# Aim of the task
What you write must be the lines from the one holding "Candy, German Shepherd Puppy" through the final line of the records below, reproduced exactly, minus the pictures.

# Input data
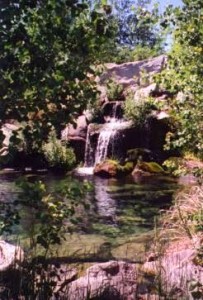 waterfall at MK Nature Center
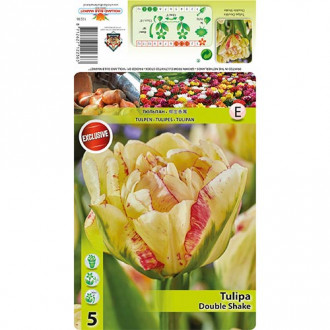 Tulpe Double Shake Bild 8 Tulpe Double Shake interface.image 8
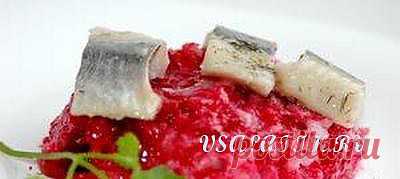 Салат с рисом и селедкой » Мировые кулинарные рецепты, рецепты с фото, рецепты салатов, рецепты салатов 2013, рецепты салатов с фотографиями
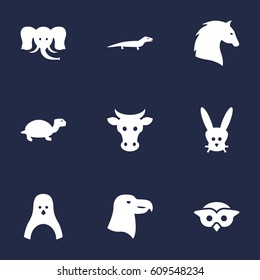 Set Of 9 Brute Icons Set.Collection Of Owl, Bishop, Sea Bird And Other Elements.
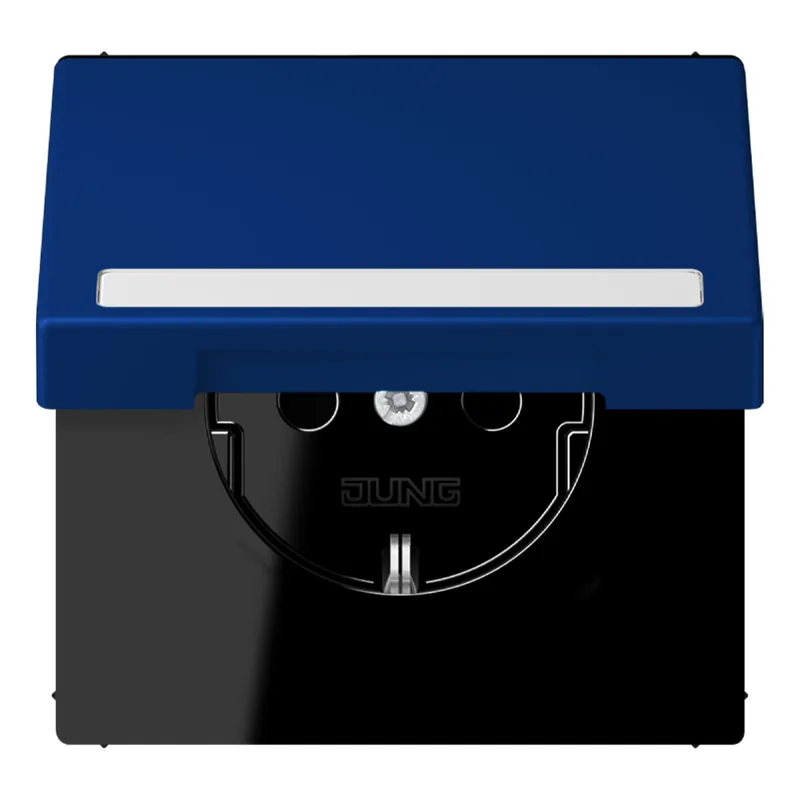Jung SCHUKO Steckdose, 16 A 250 V ~, mit Schriftfeld, Serie LS, bleu ou LC1520BFNAKL261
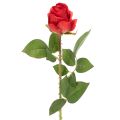 Floristik24 Rama de rosa artificial de seda, color rojo, 72 cm, 3 unidades.
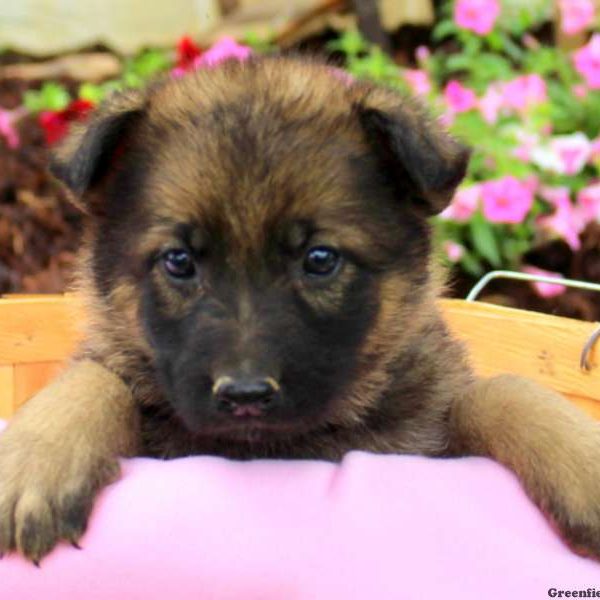 Candy, German Shepherd Puppy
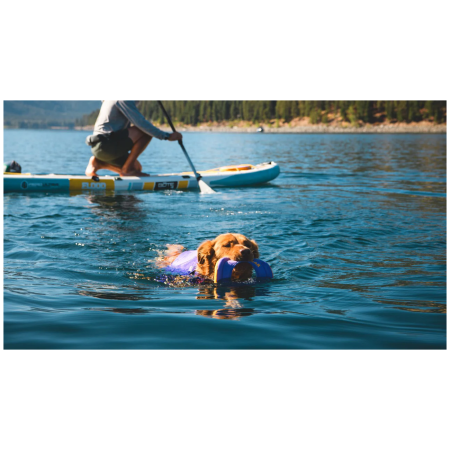 Іграшка для собак Ruffwear Hydro Plane™ Toy Medium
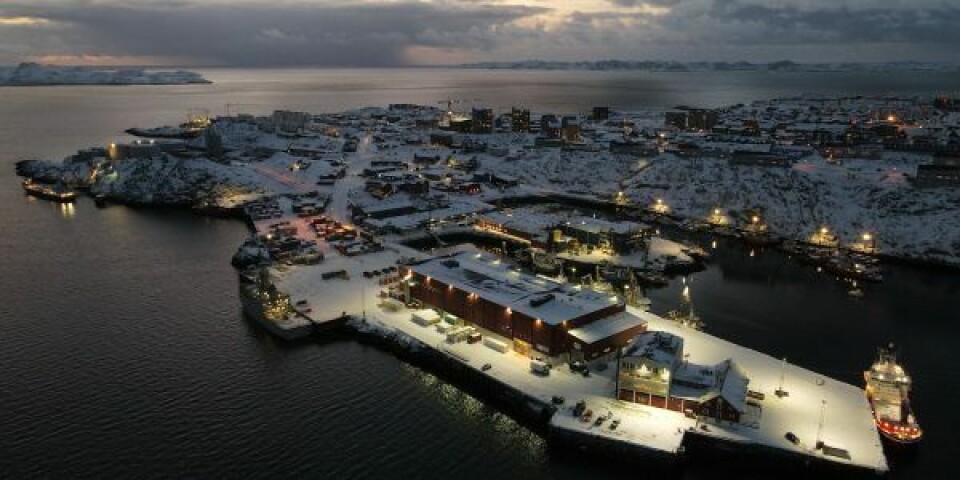 Havnen i Nuuk kom godt ud af 2021. Foto: Sikuki Nuuk Harbour A/S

# Answer box
 Candy, German Shepherd Puppy
 Іграшка для собак Ruffwear Hydro Plane™ Toy Medium
 Havnen i Nuuk kom godt ud af 2021. Foto: Sikuki Nuuk Harbour A/S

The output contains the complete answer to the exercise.